Sin has been passed down generation to generation from Adam. We also discover that humans are dealing with a sinful nature. This doesn’t mean we are always as bad as we can possibly be, but that our hearts are corrupted by sin.

That’s the condition of humanity and here’s the consequence.

6 And the Lord regretted that he had made man on the earth, and it grieved him to his heart.

This is an emotionally intense verse, and we need to handle it with care. The word regret doesn’t mean that God made a mistake. Instead, it’s a word that expresses relational grief. God is filled with deep sorrow when He looks on mankind.

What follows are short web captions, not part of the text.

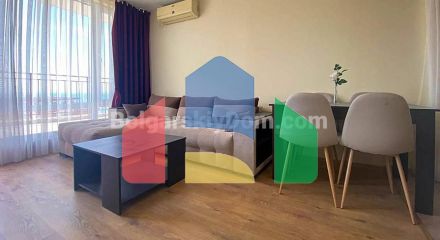 Two-bedroom apartment in Marina Fort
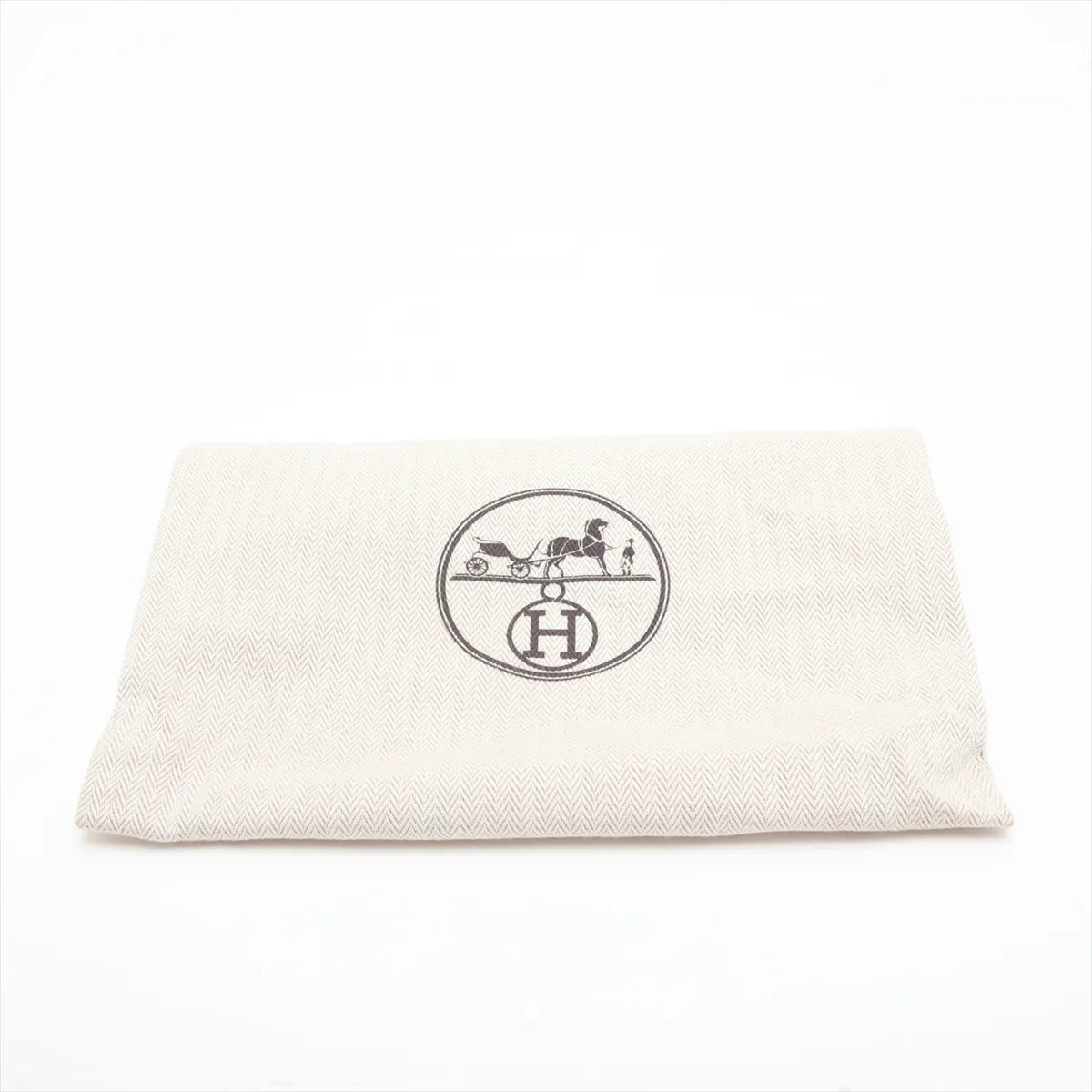 Hermes Evelyne 16 TPM Amazon Taurillon Clemence Etoupe Silver Hardware Y Stamp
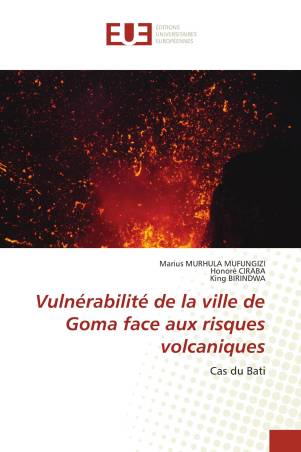 Vulnérabilité de la ville de Goma face aux risques volcaniques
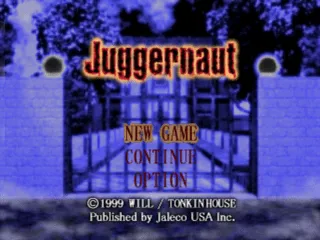 Backdrop artwork for Juggernaut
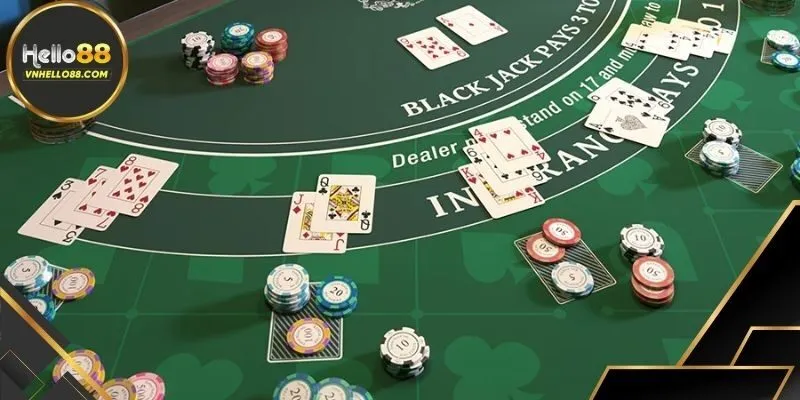 Chi tiết cách tính điểm Blackjack là gì?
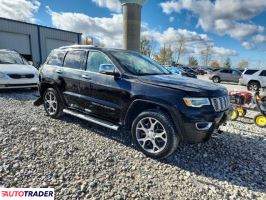 Jeep Grand Cherokee 2019 3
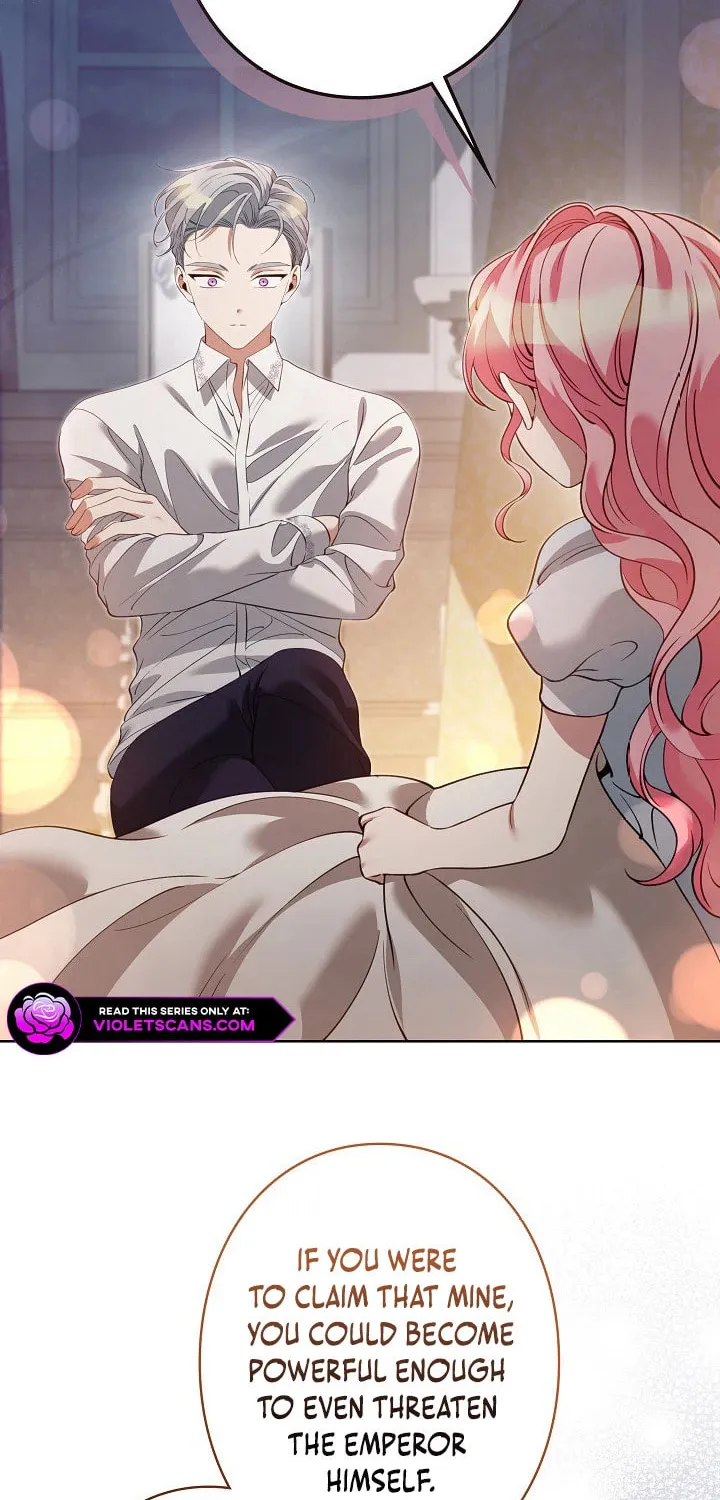 I Became a Wretched Extra in a Healing Story Chapter 36 page 24 - 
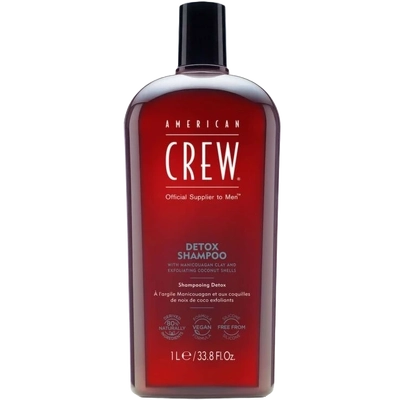 American Crew Detox Shampoo 1000 ml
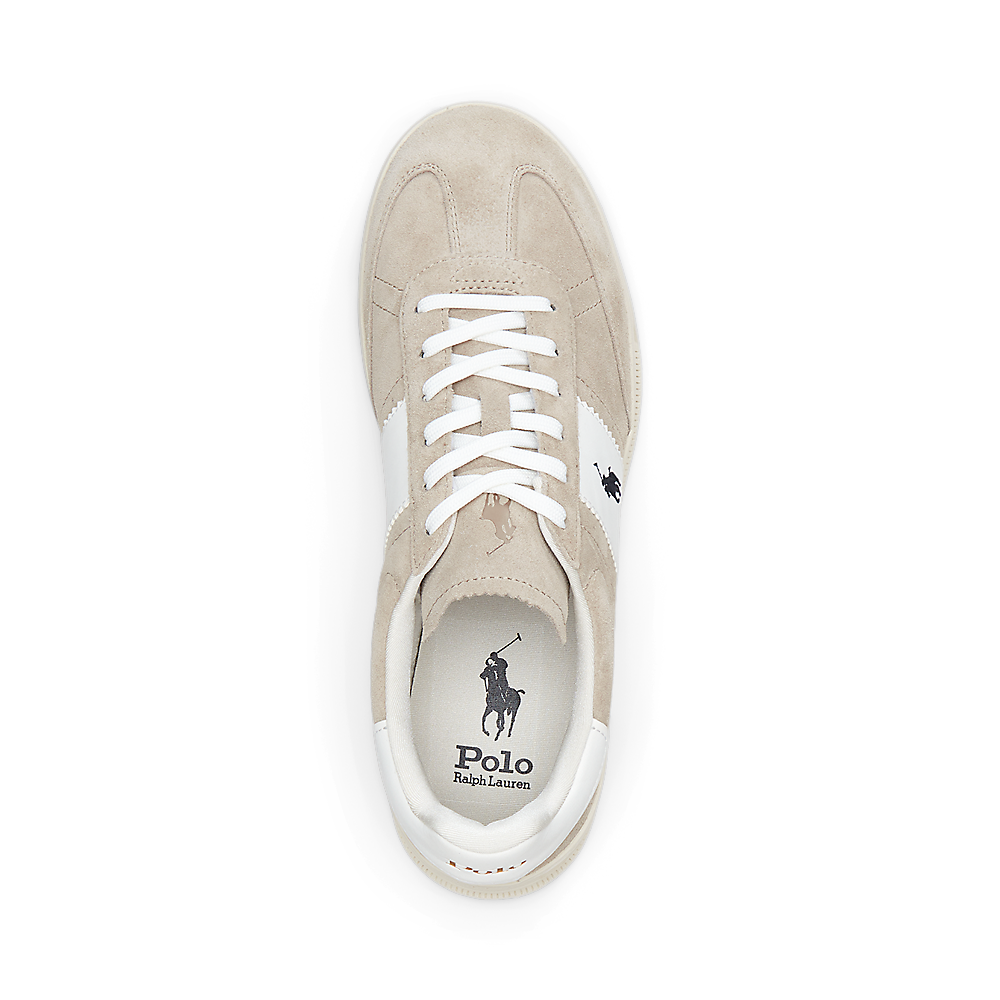 PRL Heritage Aera Suede Trainers/Tenisice 809960995003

This is meant to show us the devastating contrast between the goodness of creation and the corruption of sin. God is grieving. He’s mourning the loss of His children.

That grief is not a weakness. In fact, it shows us God’s heart. As Stephen Wilson Jr. writes, “Grief is only love that’s got no place to go.”

What this shows us is that God has already lost humanity. From His perspective, they were already lost. That helps explain the next verse.

7 So the Lord said, “I will blot out man whom I have created from the face of the land, man and animals and creeping things and birds of the heavens, for I am sorry that I have made them.”

This is one of the most severe statements of divine judgment in the Bible. God says He is going to wipe away every living creature. What do we do with this? What does it tell us about God?

First, I think it is important to recognize that God’s judgment is not arbitrary or impulsive. God has watched evil grow on the earth for more than 1600 years. And now that he decided to pass judgment, he waits another 120 years while Noah builds the ark. That’s not impulsive.

Second, we should notice that our sin affects creation. We are not the only ones who suffer because of sin. The animals… the plants… the weather… everything has been corrupted by Adam’s choice.

Third, we should consider how seriously God views our sin problem. The same God who breathed life into man is now promising to wipe him away – not in spite, but in sorrow… with one exception.

8 But Noah found favor in the eyes of the Lord.

This is the first mention of grace in the Bible. The word “favor” here is a word that means undeserved kindness. God set his grace upon Noah, even though Noah didn’t deserve special treatment.

Most of you probably know the story that follows. God tells Noah that He plans to send a flood. He commands Noah to build a giant boat with very specific dimensions, roughly the size of the FedEx Forum. God will use this boat to save Noah’s family along with an assortment of plants and animals to help repopulate the earth after the flood.

The chapter ends with this statement:

22 Noah did this; he did all that God commanded him.

And then the flood came, and God did exactly what He said He would do. He drowned almost everyone on the planet. Men, women, children, animals… only Noah’s family received mercy.

If you doubt that this happened, you should know that about 100 different people groups from all around the planet have flood stories in their ancient histories. There’s also plenty of geological evidence to back it up.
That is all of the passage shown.